◆ DATA FOR PROCESSING
--------
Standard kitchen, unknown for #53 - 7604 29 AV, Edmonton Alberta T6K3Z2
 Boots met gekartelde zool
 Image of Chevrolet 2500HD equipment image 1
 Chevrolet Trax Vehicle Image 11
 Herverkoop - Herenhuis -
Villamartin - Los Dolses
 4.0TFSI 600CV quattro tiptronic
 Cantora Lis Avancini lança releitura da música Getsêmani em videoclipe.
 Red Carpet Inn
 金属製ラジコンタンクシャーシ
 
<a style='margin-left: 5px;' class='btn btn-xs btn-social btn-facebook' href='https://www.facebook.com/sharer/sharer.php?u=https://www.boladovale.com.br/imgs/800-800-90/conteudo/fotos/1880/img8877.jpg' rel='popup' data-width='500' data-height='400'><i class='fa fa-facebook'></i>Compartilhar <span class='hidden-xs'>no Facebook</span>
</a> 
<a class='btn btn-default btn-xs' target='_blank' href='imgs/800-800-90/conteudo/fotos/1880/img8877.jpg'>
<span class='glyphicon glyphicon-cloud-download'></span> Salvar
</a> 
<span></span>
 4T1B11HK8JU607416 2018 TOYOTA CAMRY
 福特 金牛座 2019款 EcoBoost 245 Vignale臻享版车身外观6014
--------
◆ WHAT IS REQUIRED
Report, with a number and no other words, how many lines of the listing contain "Image".

◆ OUTPUT OF THE EXERCISE
2